The Mets, who almost are never good, were seemingly great, and in the conversation as a World Series favorite. This feeling of euphoria and hope continued throughout the month of August, with moments like the Brett Baty home run against the Braves and the Mark Canha game in Philadelphia, making the Mets seem like they may be a team of destiny. The pure joy culminated at the end of the month with a clash against the best team in baseball, the Dodgers.

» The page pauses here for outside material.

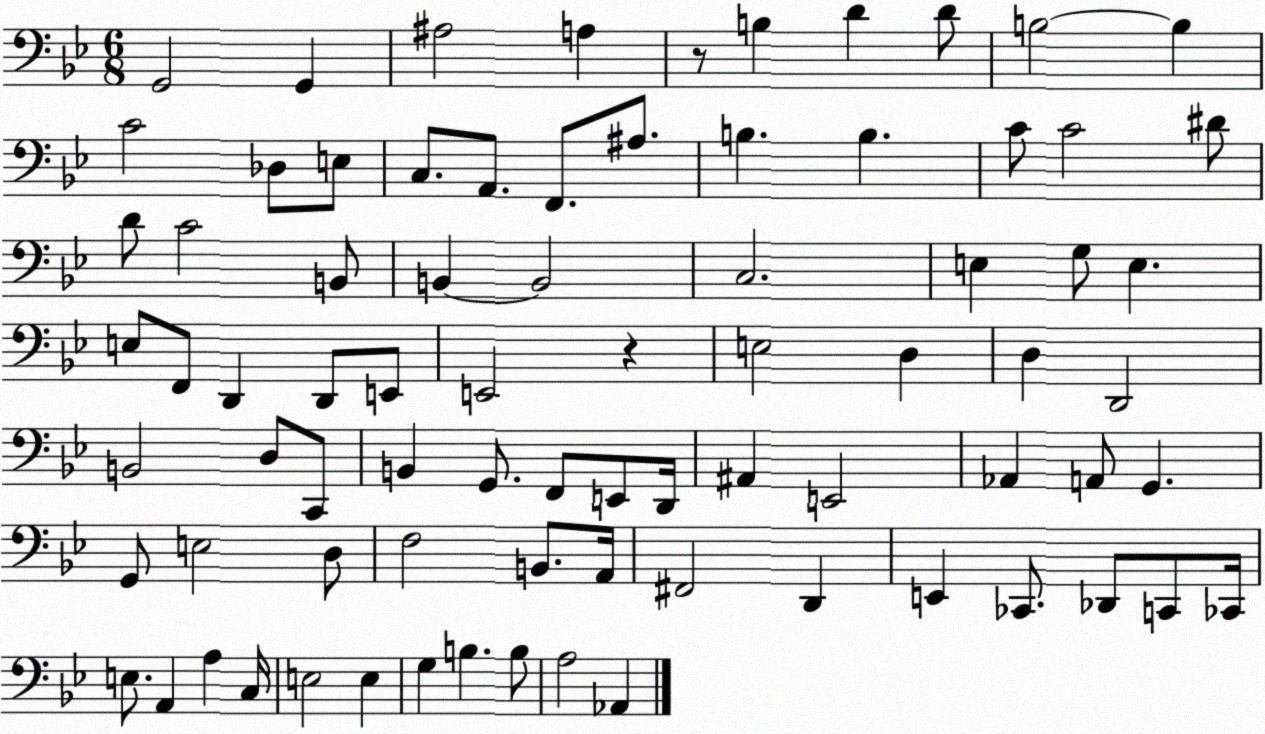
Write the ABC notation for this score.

After dropping the first game, there was Jacob deGrom on the mound again, pitching in front of a sellout crowd, with a playoff atmosphere, something that could only be dreamed about back in 2018 when the legend of deGrom was beginning to start. Brandon Nimmo made the catch of the year, deGrom pitched 7 innings of one-run ball against the best offense in baseball, and Timmy Trumpet electrified the Mets’ faithful. The next day, the Mets won the rubber game of the series thanks to their trademark timely hitting and more than solid pitching, improving their record to 84-48.
After that game, the Mets we knew and loved, the ones who dared us to dream and believe all summer long, started to sputter. The offense became inconsistent, the pitching was no longer great, and the Braves just refused to lose. The midsummer magic was recaptured if only briefly in come from behind wins against the Brewers and Marlins to stay ahead of Atlanta heading into a defacto playoff series at Truist Park at the end of September.

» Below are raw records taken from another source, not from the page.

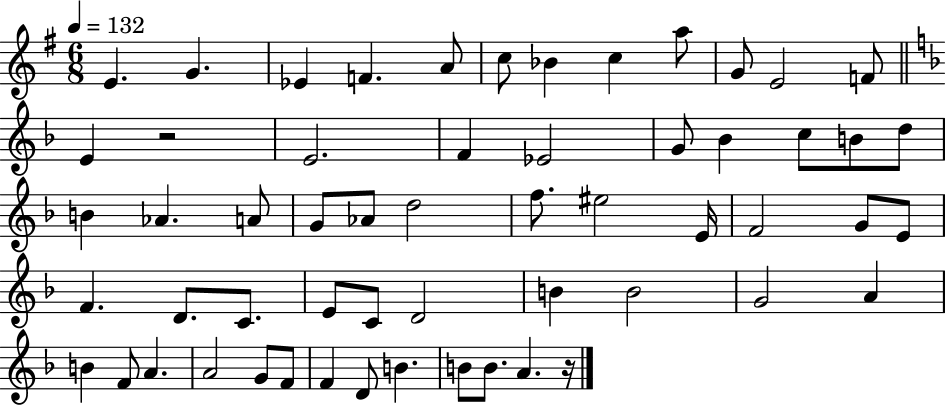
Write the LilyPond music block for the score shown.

{
  \clef treble
  \numericTimeSignature
  \time 6/8
  \key g \major
  \tempo 4 = 132
  \repeat volta 2 { e'4. g'4. | ees'4 f'4. a'8 | c''8 bes'4 c''4 a''8 | g'8 e'2 f'8 | \break \bar "||" \break \key d \minor e'4 r2 | e'2. | f'4 ees'2 | g'8 bes'4 c''8 b'8 d''8 | \break b'4 aes'4. a'8 | g'8 aes'8 d''2 | f''8. eis''2 e'16 | f'2 g'8 e'8 | \break f'4. d'8. c'8. | e'8 c'8 d'2 | b'4 b'2 | g'2 a'4 | \break b'4 f'8 a'4. | a'2 g'8 f'8 | f'4 d'8 b'4. | b'8 b'8. a'4. r16 | \break } \bar "|."
} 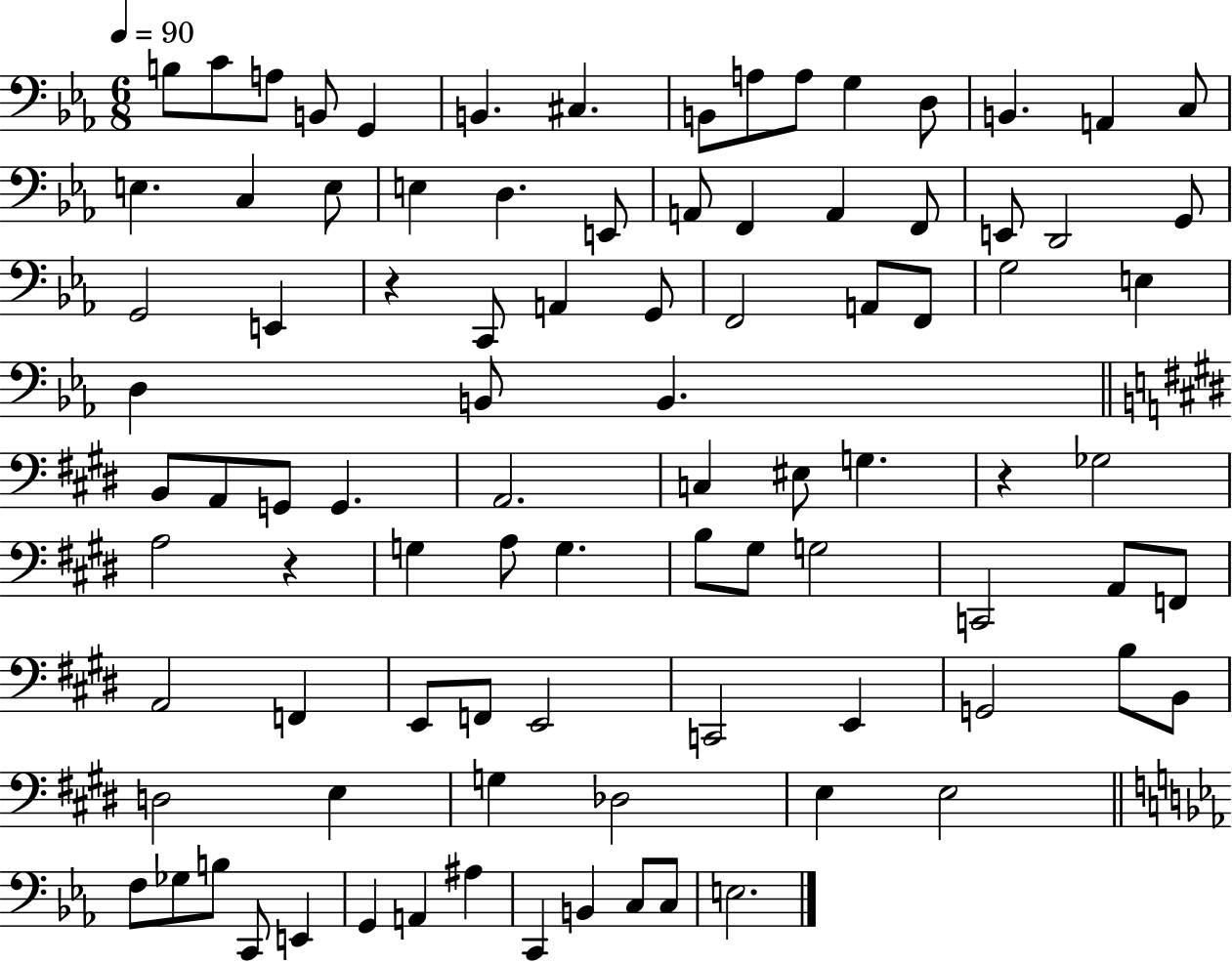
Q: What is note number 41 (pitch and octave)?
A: B2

We all know what happened next, as the three best Mets’ pitchers faltered, the lineup was lifeless, and the Braves stepped up and stole the division from the Mets, bouncing them to the Wild Card round. More of the same happened this past weekend, as Max Scherzer and Chris Bassitt failed to live up to the moment in the postseason, and the Mets’ bats were all too quiet with the exception of Saturday night.
The way the season ended is a tough pill to swallow for many. For the diehard fan that invests their life into baseball from April to October, there’s an odd feeling, one that is hard to describe, when faced with the fact the season is over. Knowing we will never see the Mets as currently constituted take the field again is sad. The hopes and dreams we once had for this team are seemingly gone in an instant, leaving us to ponder what could have been. It’s imagining dominant starts from Jacob deGrom or Max Scherzer in a postseason clincher, or the chance to see ‘Narco’ truly capture the baseball world in a big game.

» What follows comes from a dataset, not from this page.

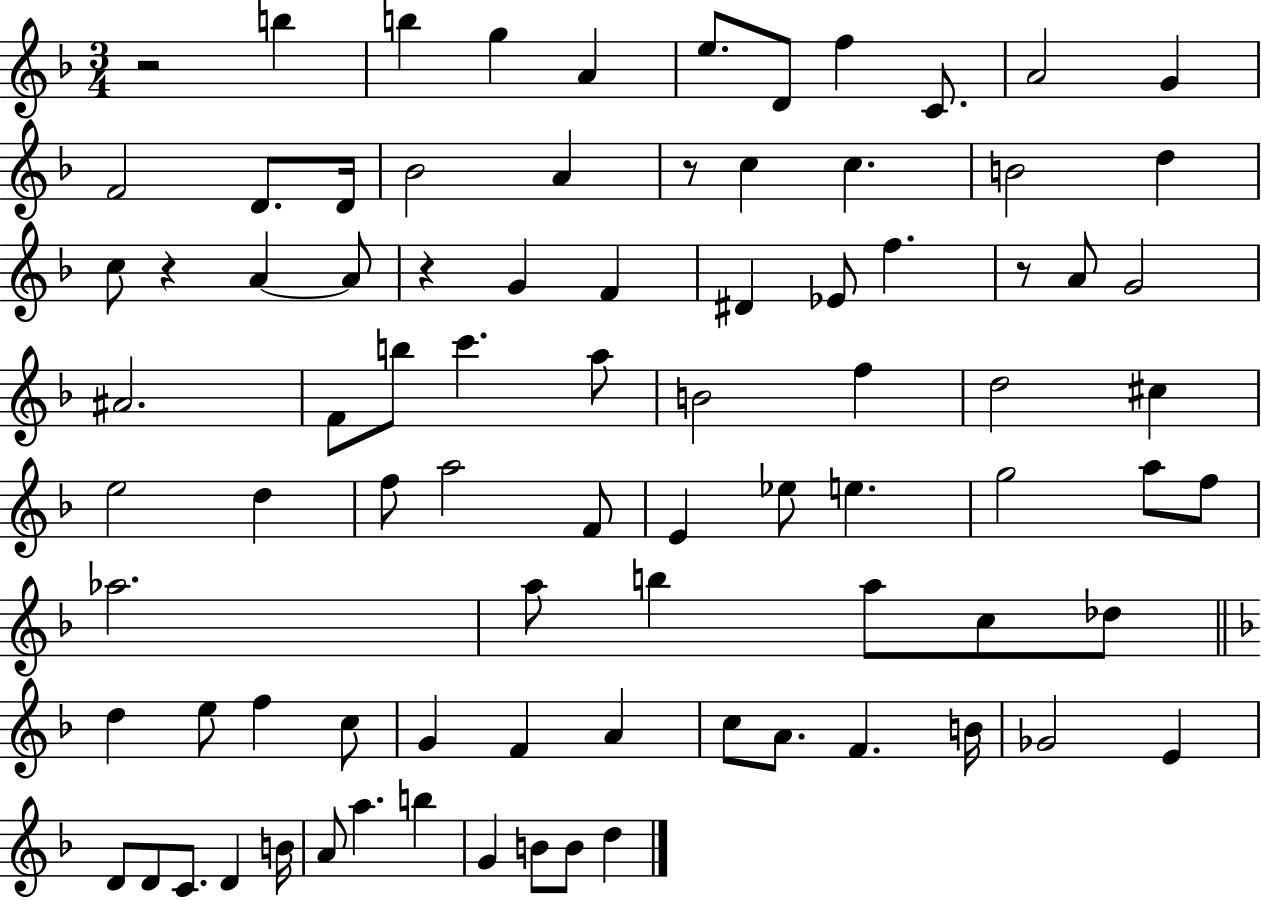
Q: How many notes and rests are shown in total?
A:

While I am still proud to be a Mets fan, just as I was in 2006, I’m no longer six years old when the journey of my Mets fandom was just beginning. In this time I’ve learned what it means to be a Mets fan and understand all that comes with it.
Despite the painful way the season ended and the past heartbreaks, I still have that little kid inside of me, who loves the Mets more than anything, and will always dream of what may seem impossible and believe they have a chance. When Opening Day in 2023 rolls around, I will dive back in head first and let the Mets consume me, distract me from the real world, and if I’m lucky enough, I will once again find a team to believe in and think anything is possible, with the hopes one day my dream of a World Series title will come to fruition.